HONG KONG: Former president Pervez Musharraf said Wednesday he would launch a new party on October 1, as the retired general plots a return to the frontlines of the country's turbulent politics.
Musharraf also accused Afghan President Hamid Karzai of lacking “legitimacy” but urged the West to stay the course against the Taliban and not to abandon the restive region.
“I'm going to declare a party on October 1... We have to bring about a new political culture in Pakistan,” he told reporters in Hong Kong after addressing an annual investors' forum organised by the CLSA brokerage.
The 67-year-old Musharraf, who lives in self-imposed exile in London, shrugged off the threat of possible legal action arising from his years of military rule of Pakistan.

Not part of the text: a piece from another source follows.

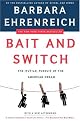Bait and Switch: The (Futile) Pursuit of the American Dream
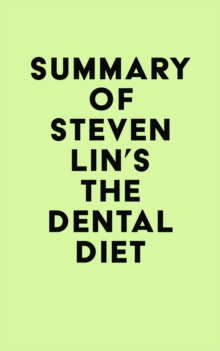 Summary of Steven Lin's The Dental Diet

“There are elements opposed to me, political elements, and they are the ones who engineer these cases. One has to face that. I'm very confident nothing can happen (on his eventual return home),” he said.
Musharraf, who plans to stand for parliament at the next general election in 2013, did not say where he would launch his new party —called the All Pakistan Muslim League.
But reports in Pakistan have said the October 1 event will take place in London.
“I'm totally against the system where it becomes a family domain in all political parties. The essence of democracy is not there in Pakistan,” he said in Hong Kong.
He had a dismal relationship with Karzai, who regained power last year in an election that was widely decried as fraudulent.
“There must be a legitimate government in Afghanistan... He does not have that legitimacy,” Musharraf told the CLSA forum.
In contrast, the former military leader heaped praise on US General David Petraeus, the commander of some 150,000 foreign soldiers deployed in Afghanistan.
“I have faith in General Petraeus —he is a great commander and he can do well in Afghanistan,” Musharraf told the conference.
But with US President Barack Obama planning a troop drawdown from mid-2011, Musharraf warned that abandoning Afghanistan would “be playing into the hands of the Taliban and Al-Qaeda”, and said “quitting is not an option”.
“The whole world is against the Taliban. So why can't we win? We can win and will win. But we will suffer casualties... No one is analysing the effect of abandoning the region on Afghanistan, Pakistan and the world.”
Musharraf also criticised US drone strikes early Wednesday. Such strikes were a “violation” of Pakistan's sovereignty, he said.
“The sensitivity of the people of Pakistan is that no outside force should cross (its) border.”